На этой неофициальной дружественной встрече я узнал совершенно нового Фредерика Жолио-Кюри – очаровательного и остроумнейшего собеседника! Было поднято много тостов и выпито немало вина. Жолио-Кюри в шутку сказал, что может угадать желание любого человека, если, отлив из бокала своего собеседника вина и чокнувшись с ним, он внимательно посмотрит в глаза этому человеку. Я решил проверить это на примере моей переводчицы. Жолио-Кюри отлил у нее из бокала вина, чокнулся с ней и долго смотрел ей в глаза и затем точно сформулировал ее желание. А состояло оно в следующем: чтобы выступавшие на банкете говорили не очень много и как можно яснее, чтобы ей легче было переводить. К концу приема я поднял тост за женщин – борцов за мир. Тост, как мне напоминает сейчас Марина Анатольевна, сводился к тому, что если бы дать волю всем женщинам земли, то они могли бы отнять у нас, мужчин, «хлеб» – настолько энергично и хорошо работала Международная демократическая федерация женщин. Участники приема, с которыми мне пришлось впоследствии встречаться, очень тепло вспоминали этот вечер.
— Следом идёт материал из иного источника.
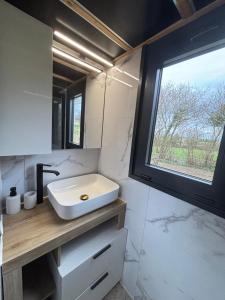 Tentes de luxe Tiny House au coeur d-une petite cite de caractere a Saulges : photos des chambres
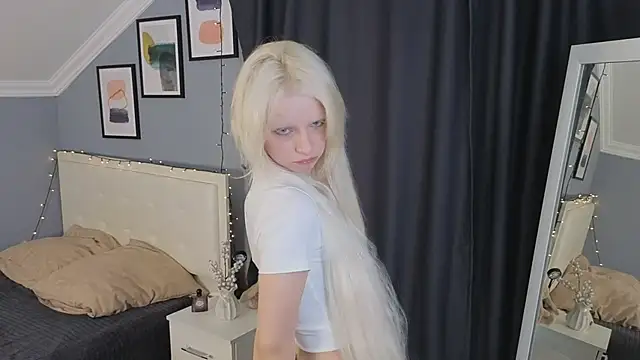 Naomi Demio online show from March 11, 2026, 11:37 am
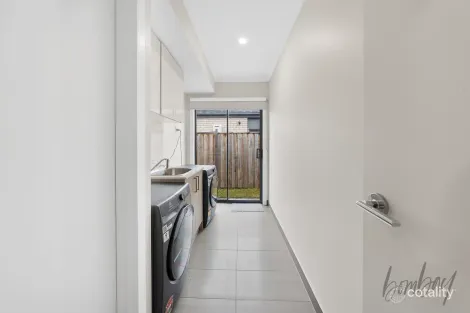 Property photo of 28 Leafspring Road Donnybrook VIC 3064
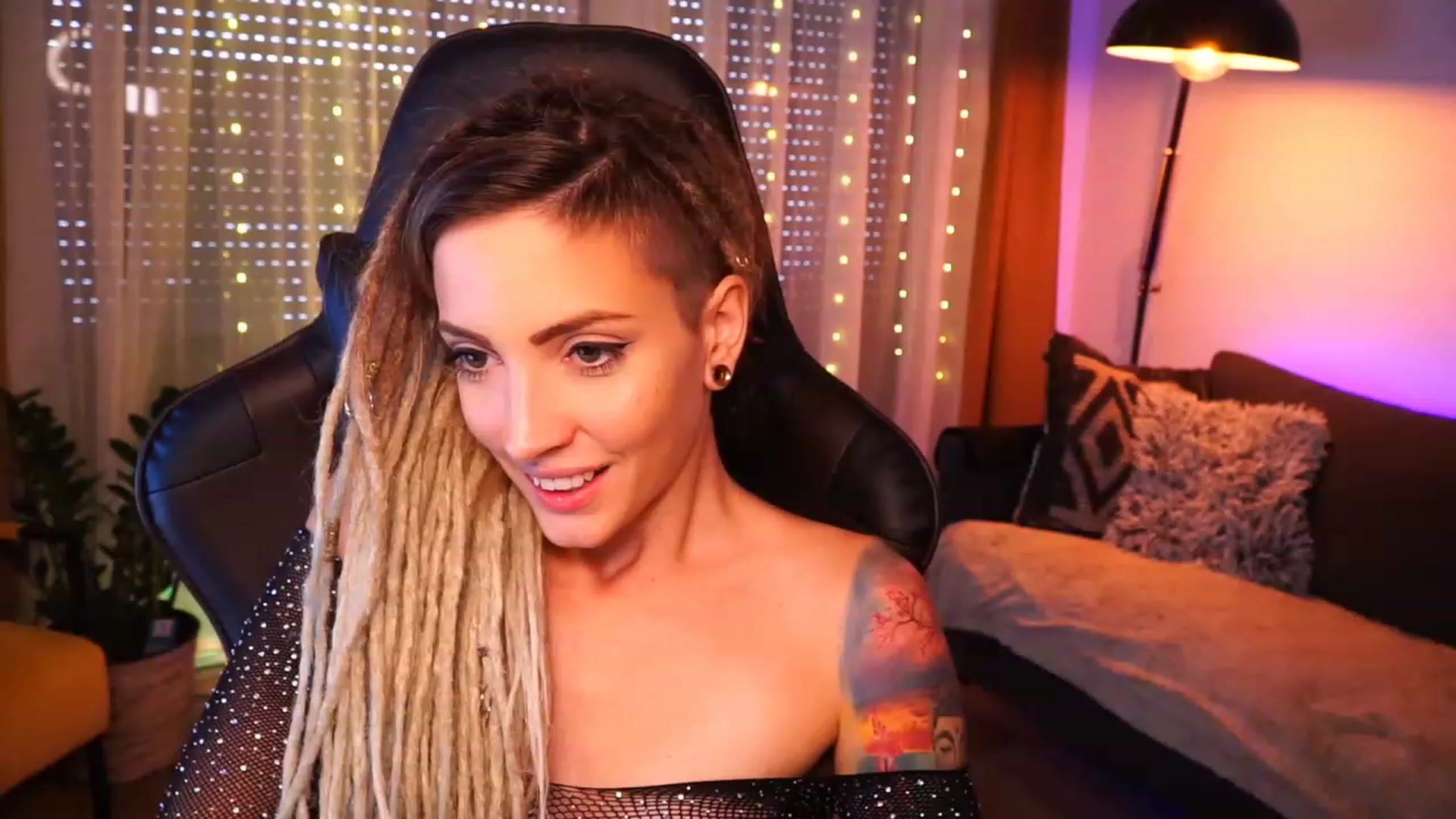 Gallery image thumbnail from Kend_dall's myfreecams stream on, 09/03/2023, 12:46 image 8 of 20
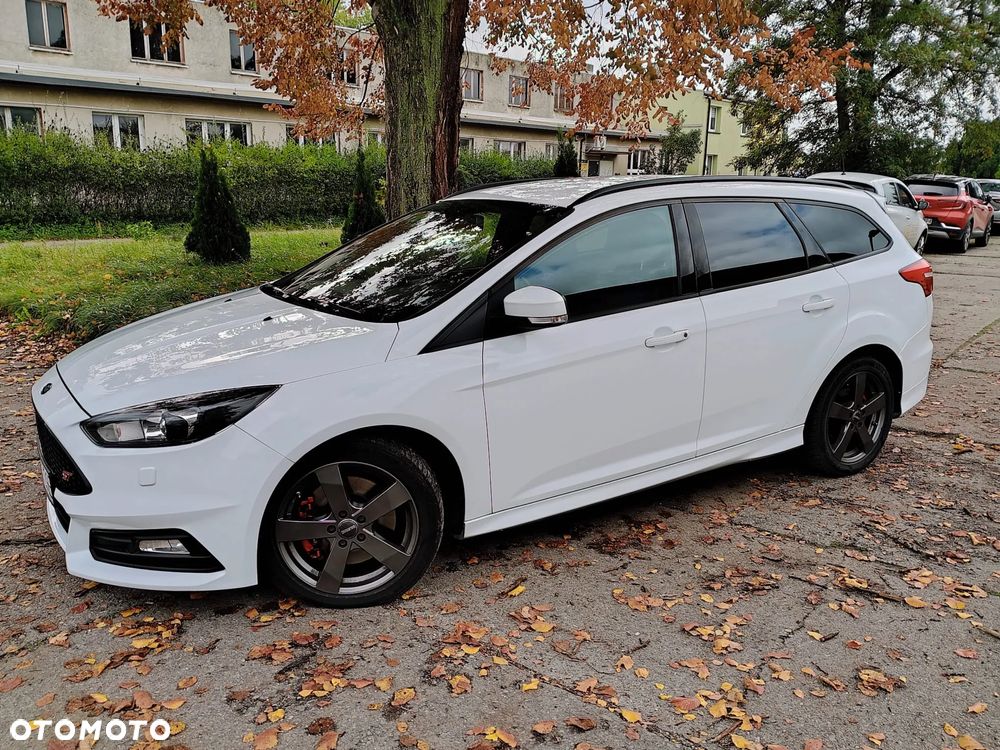 Ford Focus Turnier 2.0 EcoBoost ST - 4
После Вены я неоднократно встречался с Жолио-Кюри в Президиуме Академии наук СССР во время его приездов в Москву. Однажды он процитировал мне слова своего учителя Ланжевена, слова, которые он сам очень высоко ценил. Я могу только пересказать смысл этих слов: если бы научные работники наших дней нашли время и мужество ясно и серьезно взвесить свою позицию и задачи и затем поступать последовательно, тогда появилась бы надежда найти разумное решение, чтобы покончить с нынешней обстановкой в мире, обстановкой, которая угрожает абсолютно всем без исключения.
Моя последняя встреча с Жолио-Кюри состоялась в Москве у академика Д.В. Скобельцына дома, куда я был приглашен. Дело в том, что Д.В. Скобельцын был давно знаком с Жолио-Кюри, еще с тех пор, когда они оба работали в Париже в лаборатории у Марии Кюри. В ту последнюю встречу Жолио-Кюри был уже серьезно болен. Но, несмотря на болезнь, дух его был крепок, и весь он был охвачен могучей творческой энергией. Его научную и общественную энергию можно сравнить с той, которой он сам дал жизнь и которая отняла жизнь у него.
Несмотря на загруженность президентскими делами, я всегда выкраивал время для участия в движении в защиту мира. Я придавал международным контактам большое значение. Так, я был делегатом Всемирной ассамблеи в защиту мира, которая состоялась в Хельсинки в июне 1955 г., представлял советскую делегацию в комиссии, которая обсуждала роль и задачи ученых и науки в борьбе с грозной опасностью войны. К сожалению, я не смог присутствовать на закрытии ассамблеи, так как меня срочно вызвали в Москву. Документы, выработанные на этом международном форуме, сыграли большую роль в обуздании сторонников войны.